Your goal: Working through the entries below, find how many lines include "United", then write only that number.

§

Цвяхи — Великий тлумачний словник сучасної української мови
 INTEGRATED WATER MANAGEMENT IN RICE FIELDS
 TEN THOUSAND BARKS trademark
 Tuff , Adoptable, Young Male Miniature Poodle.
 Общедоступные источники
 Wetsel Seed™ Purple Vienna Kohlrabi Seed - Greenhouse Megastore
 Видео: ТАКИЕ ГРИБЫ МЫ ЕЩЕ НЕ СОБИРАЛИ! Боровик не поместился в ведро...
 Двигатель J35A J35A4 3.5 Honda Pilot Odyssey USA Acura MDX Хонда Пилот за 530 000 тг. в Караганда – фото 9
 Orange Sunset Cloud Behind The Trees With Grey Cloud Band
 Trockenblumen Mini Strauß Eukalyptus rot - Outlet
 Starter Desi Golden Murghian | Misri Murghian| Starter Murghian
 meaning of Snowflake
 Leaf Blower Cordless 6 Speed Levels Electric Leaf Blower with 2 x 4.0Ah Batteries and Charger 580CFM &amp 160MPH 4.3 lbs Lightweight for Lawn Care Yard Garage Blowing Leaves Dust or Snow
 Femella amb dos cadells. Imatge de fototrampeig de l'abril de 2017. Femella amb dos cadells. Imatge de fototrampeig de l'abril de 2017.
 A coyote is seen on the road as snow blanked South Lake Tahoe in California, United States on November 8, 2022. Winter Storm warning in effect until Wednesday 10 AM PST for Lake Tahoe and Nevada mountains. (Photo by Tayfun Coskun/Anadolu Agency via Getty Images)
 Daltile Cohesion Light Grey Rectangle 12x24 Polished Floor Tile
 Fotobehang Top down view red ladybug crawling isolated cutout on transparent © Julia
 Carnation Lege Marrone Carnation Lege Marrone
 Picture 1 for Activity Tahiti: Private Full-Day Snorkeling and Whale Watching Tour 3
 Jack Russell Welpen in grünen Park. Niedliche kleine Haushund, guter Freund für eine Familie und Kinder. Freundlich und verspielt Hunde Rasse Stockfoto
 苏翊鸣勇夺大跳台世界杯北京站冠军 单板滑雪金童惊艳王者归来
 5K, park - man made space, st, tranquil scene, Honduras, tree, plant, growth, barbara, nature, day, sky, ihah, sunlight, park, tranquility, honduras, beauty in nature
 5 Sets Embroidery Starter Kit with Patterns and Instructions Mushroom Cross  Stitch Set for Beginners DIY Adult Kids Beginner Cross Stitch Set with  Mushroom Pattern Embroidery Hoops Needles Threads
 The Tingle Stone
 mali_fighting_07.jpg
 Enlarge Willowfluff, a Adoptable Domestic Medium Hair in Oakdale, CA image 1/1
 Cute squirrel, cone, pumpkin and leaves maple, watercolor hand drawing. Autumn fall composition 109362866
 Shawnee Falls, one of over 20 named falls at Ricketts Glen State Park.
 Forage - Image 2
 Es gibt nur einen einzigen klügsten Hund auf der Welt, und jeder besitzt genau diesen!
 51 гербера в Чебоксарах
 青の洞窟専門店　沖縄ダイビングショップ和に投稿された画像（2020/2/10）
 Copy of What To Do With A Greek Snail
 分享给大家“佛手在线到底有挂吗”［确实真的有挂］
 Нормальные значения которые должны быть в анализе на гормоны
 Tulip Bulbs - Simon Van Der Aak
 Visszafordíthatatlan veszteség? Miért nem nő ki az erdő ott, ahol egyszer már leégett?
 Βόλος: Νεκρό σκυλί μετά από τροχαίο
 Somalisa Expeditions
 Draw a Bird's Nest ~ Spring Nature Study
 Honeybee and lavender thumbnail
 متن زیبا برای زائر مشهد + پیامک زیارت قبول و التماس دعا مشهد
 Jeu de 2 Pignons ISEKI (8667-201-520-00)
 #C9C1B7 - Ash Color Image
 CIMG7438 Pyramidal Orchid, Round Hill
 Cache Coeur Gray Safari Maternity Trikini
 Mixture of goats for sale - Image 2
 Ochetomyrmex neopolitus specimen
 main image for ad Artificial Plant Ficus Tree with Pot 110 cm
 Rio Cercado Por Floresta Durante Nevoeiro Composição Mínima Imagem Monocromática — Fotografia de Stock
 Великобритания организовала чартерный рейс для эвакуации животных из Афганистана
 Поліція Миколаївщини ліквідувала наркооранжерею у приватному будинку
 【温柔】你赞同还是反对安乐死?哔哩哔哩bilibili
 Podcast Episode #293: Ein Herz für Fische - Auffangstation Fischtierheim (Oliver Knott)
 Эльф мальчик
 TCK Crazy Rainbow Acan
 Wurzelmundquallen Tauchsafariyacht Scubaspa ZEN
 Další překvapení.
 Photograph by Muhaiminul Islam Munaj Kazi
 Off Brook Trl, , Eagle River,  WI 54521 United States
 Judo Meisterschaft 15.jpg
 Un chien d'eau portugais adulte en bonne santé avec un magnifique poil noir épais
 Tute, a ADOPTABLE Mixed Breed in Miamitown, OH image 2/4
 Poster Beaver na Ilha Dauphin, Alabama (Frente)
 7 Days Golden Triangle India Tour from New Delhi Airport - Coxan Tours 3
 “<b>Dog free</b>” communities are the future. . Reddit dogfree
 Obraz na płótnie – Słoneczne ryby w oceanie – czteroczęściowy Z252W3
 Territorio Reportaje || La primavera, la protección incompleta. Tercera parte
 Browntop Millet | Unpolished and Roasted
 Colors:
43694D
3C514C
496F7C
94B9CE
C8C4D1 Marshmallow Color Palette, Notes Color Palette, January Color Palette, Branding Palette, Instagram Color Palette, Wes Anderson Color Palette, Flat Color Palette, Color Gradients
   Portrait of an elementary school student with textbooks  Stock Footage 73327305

§

The answer: 2